## Directions
Exclude the pictures, then repeat the remaining data exactly.
==== Given data ====
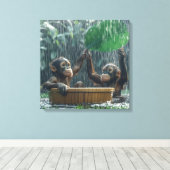 Twee Baby orang-oetans Canvas Afdruk (Insitu (Houten vloer))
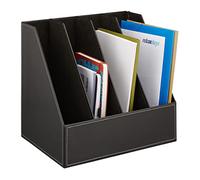 Relaxdays Rangement Similicuir, 4 Compartiments, formats A4-C4, Stable, HxLxP: 35 x 18 x 26,5 cm, Organiseur, Noir
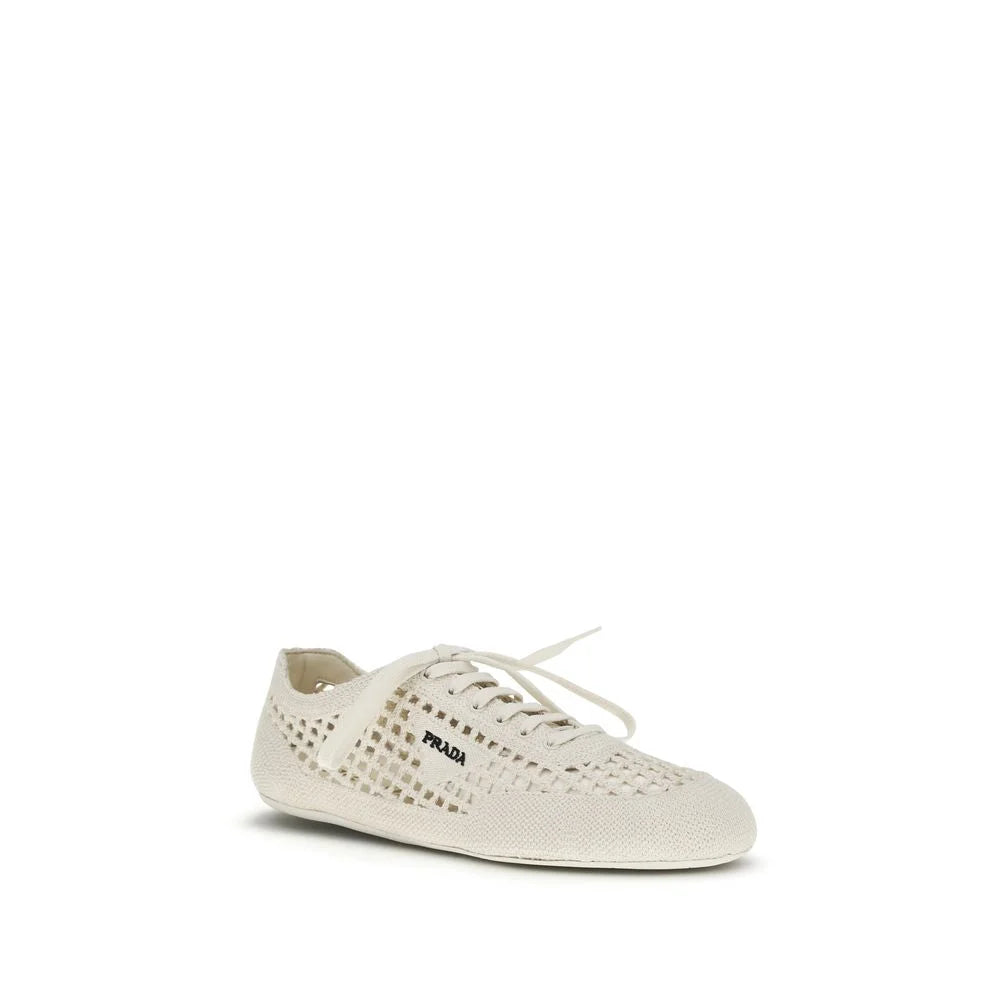 Prada Beige Fabric Low Top Sneakers - EU41/US11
====
## Exercise response
 Twee Baby orang-oetans Canvas Afdruk (Insitu (Houten vloer))
 Relaxdays Rangement Similicuir, 4 Compartiments, formats A4-C4, Stable, HxLxP: 35 x 18 x 26,5 cm, Organiseur, Noir
 Prada Beige Fabric Low Top Sneakers - EU41/US11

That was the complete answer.